Should I buy more after Aviva’s share price jumps on 2023 results?

Aviva’s share price spiked on good results, but more importantly for me is that its dividend increase made it a true high-yield stock again in my view.

| More on:

The content of this article was relevant at the time of publishing. Circumstances change continuously and caution should therefore be exercised when relying upon any content contained within this article.

You’re reading a free article with opinions that may differ from The Motley Fool’s Premium Investing Services. Become a Motley Fool member today to get instant access to our top analyst recommendations, in-depth research, investing resources, and more. Learn More.

Aviva logo on glass meeting room door

Image source: Aviva plc

Before Aviva’s (LSE: AV) results last week I had been seriously considering selling the stock.

No man’s land

Following my 50th birthday a while back, I decided to sell all but a handful of my growth stocks. Instead, I bought shares in even more companies that paid high dividends, and the higher the better.

Why this strategy? At my age, I want to have a regular stream of high revenue coming from my investments. This means dividend stocks paying high yields.

Sure, yields change as dividend payouts and share prices move. But at least I’m being paid something, provided I choose the stocks well.

Growth stocks, on the other hand, frequently pay no dividend at all. My only return from these is if the shares rise in price, which is often a big if. The handful I retain are proven winners over the long term, so far at least.

My problem with Aviva before its 2023 results were announced on 7 March was that it was in a no man’s land for me.

It was yielding under 7%. That’s my minimum for a high-yield stock. Why? Because the ‘risk-free rate’ (10-year UK government bond yield) is just over 4% and stocks are much riskier.

And its share price hadn’t been notably higher – above £5 – since 25 June 2018 (closing price, £5.04).

Dividend increased by 8%

In its 2023 results, Aviva increased the dividend by 8% to 33.4p a share, from 31p in 2022. On the current share price of £4.67, this gives a yield of 7.15% — above my minimum threshold, for now.

It also announced a new £300m share buyback programme to begin immediately. Buybacks tend to benefit share prices.

Both initiatives are supported by a 9% rise in operating profits in 2023 to £1.47bn, from £1.35bn in 2022.

A risk in the stock is that inflation rises again in Aviva’s core markets of the UK, US, and Canada remains elevated.

This would prevent interest rates from falling as expected and keep the cost of living high. In these circumstances, existing clients may cancel policies and new customers may be deterred.

Another risk would be a genuine new financial crisis.

However, mitigating both these for me is its continued strong capital generation. In 2023, Solvency II operating capital generation rose 8% — to £1.46bn, from £1.35bn in 2022.
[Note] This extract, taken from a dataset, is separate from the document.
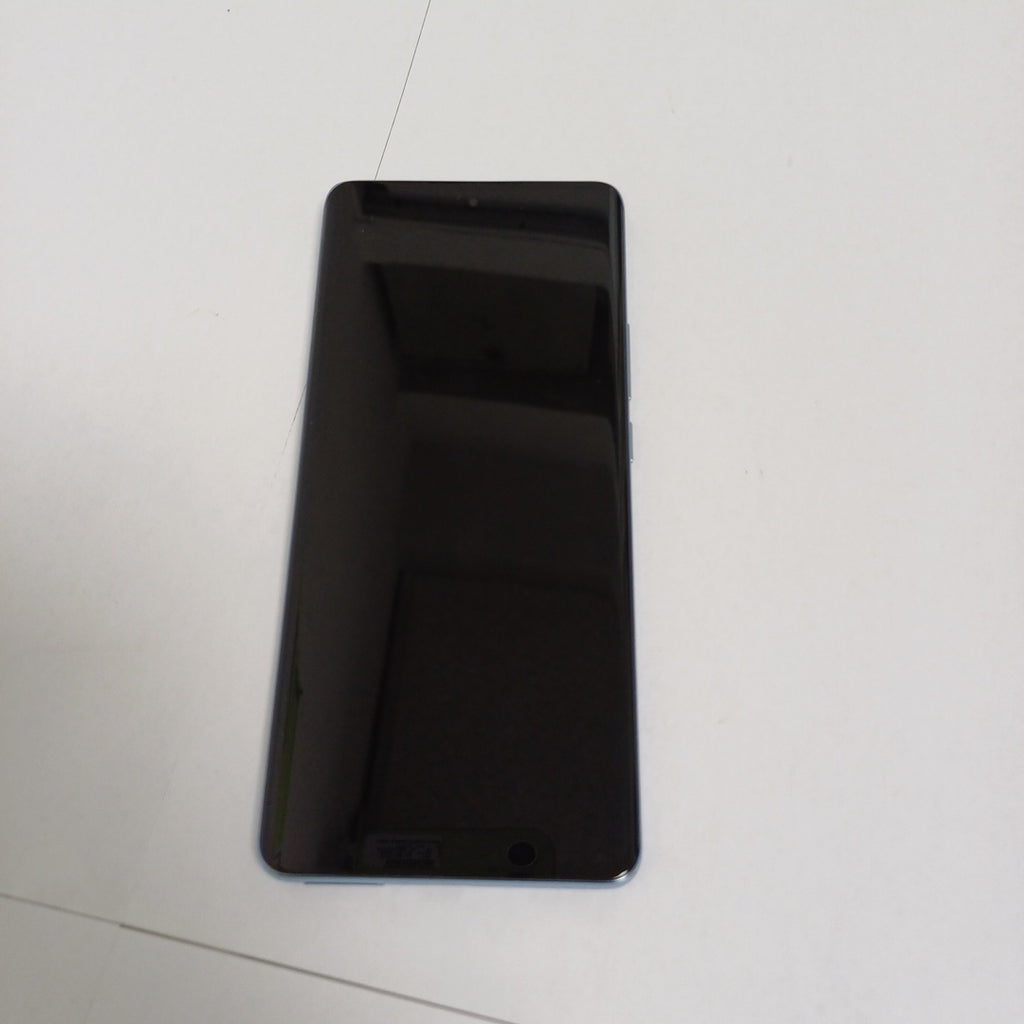 CELULAR OPPO  RENO 10 CPH2531 (2023) 256 GB 8 GB RAM (SEMINUEVO)
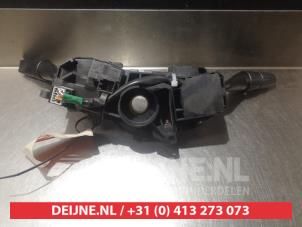 Honda Accord Combischakelaar Stuurkolom O309025 foto 4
Its overall Solvency II ratio stands at 207%, against just 100% as the regulatory standard for insurance companies.

Undervalued against its peers

Even without any effects from the planned share buyback, Aviva looked cheap to me.

On the key price-to-earnings (P/E) stock valuation measurement, it currently trades at 12.4 – against a peer group average of 18.

discounted cash flow analysis shows it to be around 43% undervalued at £4.67. So a fair value would be around £8.19, although it may never reach that price, of course.

So, I’m not going to sell my Aviva shares. But I’m not going to buy more either, as the holding I have is at a lower price and I’m happy with that.

But if I did not have this holding, I would undoubtedly buy the stock. It has a good yield, undervalued shares (in my view), and its results point to a strong core business.

Simon Watkins has positions in Aviva Plc. The Motley Fool UK has no position in any of the shares mentioned. Views expressed on the companies mentioned in this article are those of the writer and therefore may differ from the official recommendations we make in our subscription services such as Share Advisor, Hidden Winners and Pro. Here at The Motley Fool we believe that considering a diverse range of insights makes us better investors.

More on Investing Articles

Black woman using smartphone at home, watching stock charts.
Investing Articles

£5,000 invested in BAE Systems shares a month ago is now worth…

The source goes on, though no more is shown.